Credit Derivative Lyposuction: How to Make $30 Trillion Disappear
Wednesday, February 4, 2009 at 02:26AM
Stickman ED

How Do Compression Cycles Make $30 Trillion of Credit Default Swaps "Just Go Away"?

Meet TriOptima: The Cosmetic Surgeons and Wellness Specialists of Credit Derivatives

If you really want to poop in your pants just read the following Reuters Article from January 12th, 2009 on a company called TriOptima. Their services sound remarkably like those offerred by Park Avenue Plastic Surgeons but for cellulite-laden portfolios of the biggest derivatives players in the systemically-fragile global financial markets. George Soros' econolypse awaits as the sword of Damocles (his term) hangs overhead. But TriOptima offers a broad range of cosmetic procedures that can be best described, admittedly on the graphic side, as somewhere between a massive group financial enema and downright lyposuction for the formerly-reported $62 trillion credit default swap market.

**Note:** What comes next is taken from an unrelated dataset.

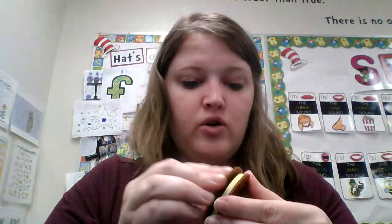Hmm, what does that look like? Is it a triangle? Let's say it with our T sound — triangle. Good job, kid. There's our triangle cookie.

http://3.bp.blogspot.com/_ZTt7ivF2m-0/RzMk_QUgzzI/AAAAAAAACFM/G93IhPniC7w/s400/zzzben.jpg

Using a web-based technology known as "compression cycle eliminations", one of many derivative-shedding products from TriOpima such as "triReduce" that sounds like a metrocal-based diet for financially obese.Then there is "triResolve" for conflict resolution. Using these products and services TriOptima has helped participating institutions shed some $30 trillion of CDS exposure! I wonder where they put it waste product? Doesn't a compression cycle sound more like a piece of exercise equipment you buy at the Gym Source? No, we're not exactly sure of what it is and can promise you no one voting on an $850 billion stimulus/bailout package in Washington understands what it is either. So let's assume they have cut the reported CDS numbers from $62 trillion (as per the Bank for International Settlements) to $30 trillion, estimates still put CDS activity at $10 of speculation for every $1 dollar in underlying securities.  Earth to regulators.

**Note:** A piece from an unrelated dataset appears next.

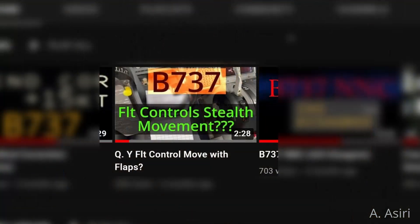Hello, my name is Abdul Mata Asiri and I would like to welcome you to another 737 video. A while back I posted a video with a question asking about the control column movement when you set the takeoff flaps.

Maybe that's why nobody's lending and nobody's spending?

 

 Check out the TriOptima website:

A network community for proactive portfolio reconciliation triResolve Eliminate notional outstandings with portfolio compression triReduce Managing counterparty credit exposures in OTC derivatives In the midst of volatile markets, TriOptima's web-based Portfolio Reconciliation and Portfolio Compression services, triResolve and triReduce help you effectively reduce and manage the risk in your OTC derivatives portfolio.

 

Click here for the Reuters article in its entirety:

 

Reuters Logo

 

TriOptima CDS compression cycles eliminate $30.2 trillion in notional principal during 2008

Mon Jan 12, 2009 9:00am EST 

NEW YORK--(Business Wire)--
TriOptima`s portfolio compression service, triReduce, eliminated $30.2 trillion
in CDS notional principal during 2008. TriOptima offered 50 compression cycles
in 2008 contributing significantly to industry efforts to reduce the notional
principal outstandings. Reductions in notional principal continued to accelerate
throughout 2008, increasing 300% over 2007 levels as indicated in the graph
below.

"In cooperation with the dealing community, we were able to accommodate the
demand for additional regular cycles and support the special default cycles that
were required as market conditions deteriorated," commented Brian Meese, Group
CEO. "It is important to note that the $30.2 trillion notional eliminated by the
dealers this year exceeds the year end outstandings of $29.3 trillion reported
by DTCC. By reducing exposures through regular compression cycles the dealers
were able to continue providing effective risk mitigation tools while responding
to regulatory concerns about counterparty exposure and operational challenges."

TriOptima`s CDS compression cycles include American, European, Emerging Market,
Asian and Japanese indices; ABX and CMBX indices; American and European
tranches; US, European, Emerging Market, Japanese, and Asian single name CDS;
and special cycles for single names and indices affected by credit events like
Washington Mutual, Fannie Mae, Freddie Mac, Lehman and the Icelandic banks.